Music Interviews
4:05 am
Sat July 21, 2012

A Tribal Anthem's Author — And A Cult Rock Hero

Originally published on Sun July 22, 2012 6:39 am

In the 1960s, the late Lumbee Indian singer, composer and activist Willie Lowery led a band called Plant and See — as in, plant the seed in the ground and see what comes up.

The band recorded only one album, Plant and See, which went out of print shortly after it was released in 1969, but psychedelic rock fans have always held it in high esteem.

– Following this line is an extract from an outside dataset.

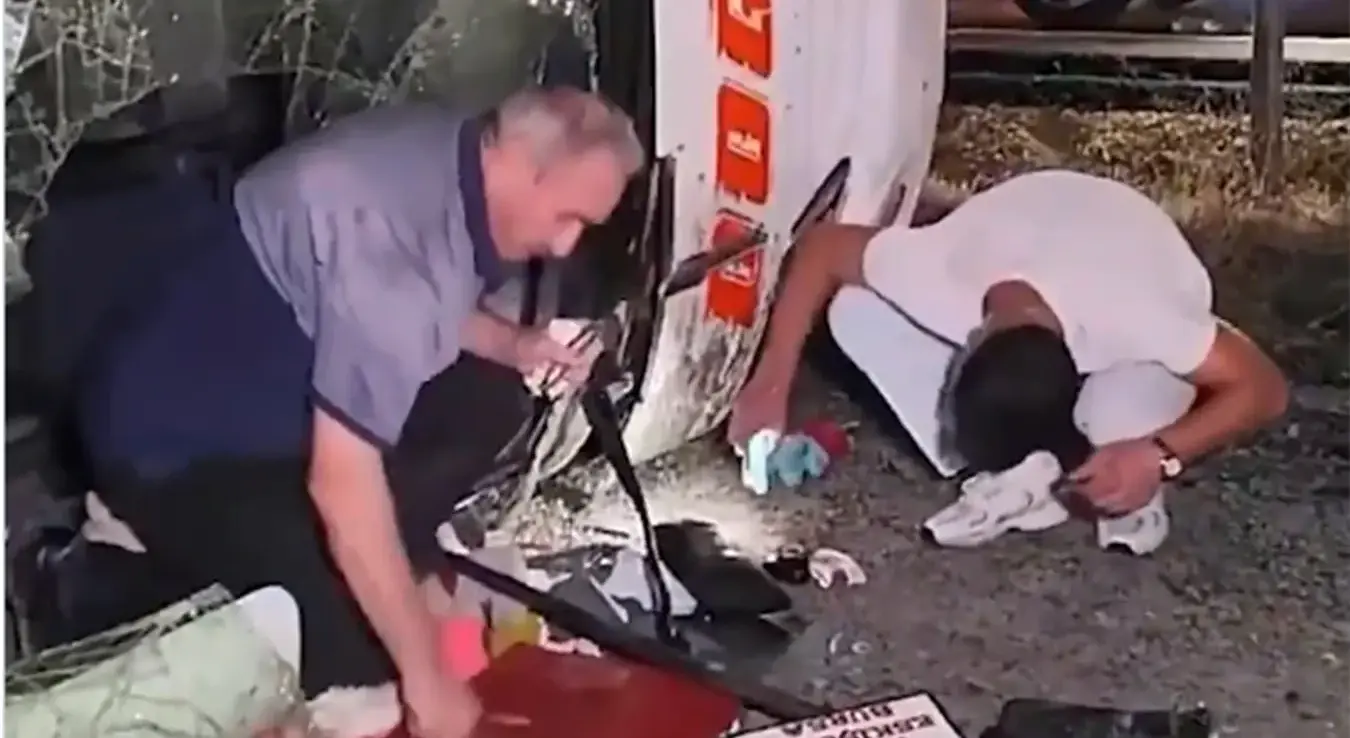 Превртање аутобуса у Турксој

Plant and See's music was very much of its moment: a hazy, Southern blend of rock, soul and blues. And yet in some ways, the band was ahead of its time — especially in its diversity. The drummer was black, the bass player was Latino, the back-up singer was white and the frontman was American Indian — Lowery.

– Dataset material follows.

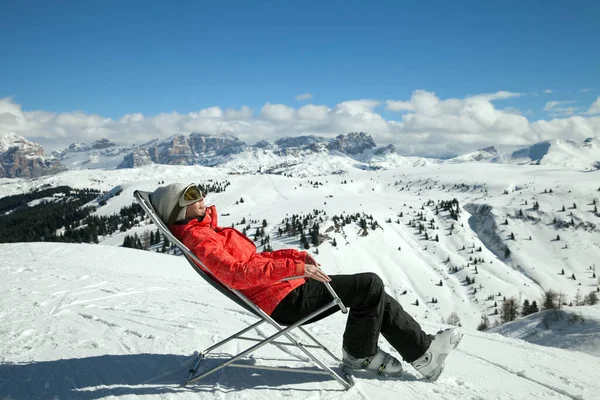 Mujer Esquiadora Una Tumbona Las Montañas Invierno —  Fotos de Stock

Malinda Maynor Lowery, Willie Lowery's widow and a professor of history at the University of North Carolina at Chapel Hill, says some of the band's vocal harmonies have roots in the Lumbee church.

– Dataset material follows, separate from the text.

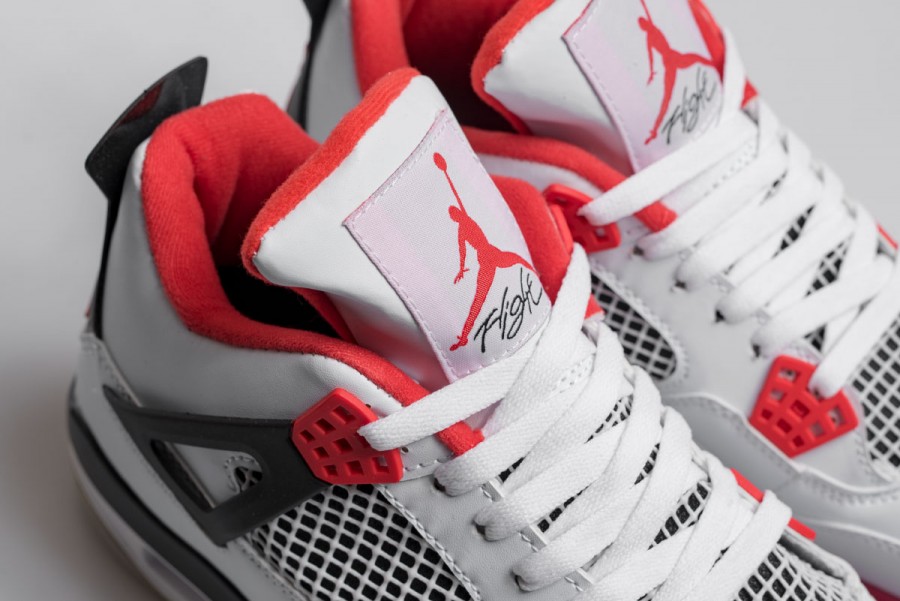 Кроссовки Air Jordan 4 Retro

"Singing in harmony has been something we've done for hundreds of years, in churches without instruments — the richness was provided by voices singing in harmony," she says. "That's what he heard from babyhood. And Willie was an incredible perfectionist when it came to making sure his band members, and making sure he himself, were doing the right things."

Humble Beginnings

Willie Lowery was born in Robeson County, in eastern North Carolina. His parents were sharecroppers. Lowery himself worked in the fields picking cotton as a young man, as he told a UNC folklorist in 2008.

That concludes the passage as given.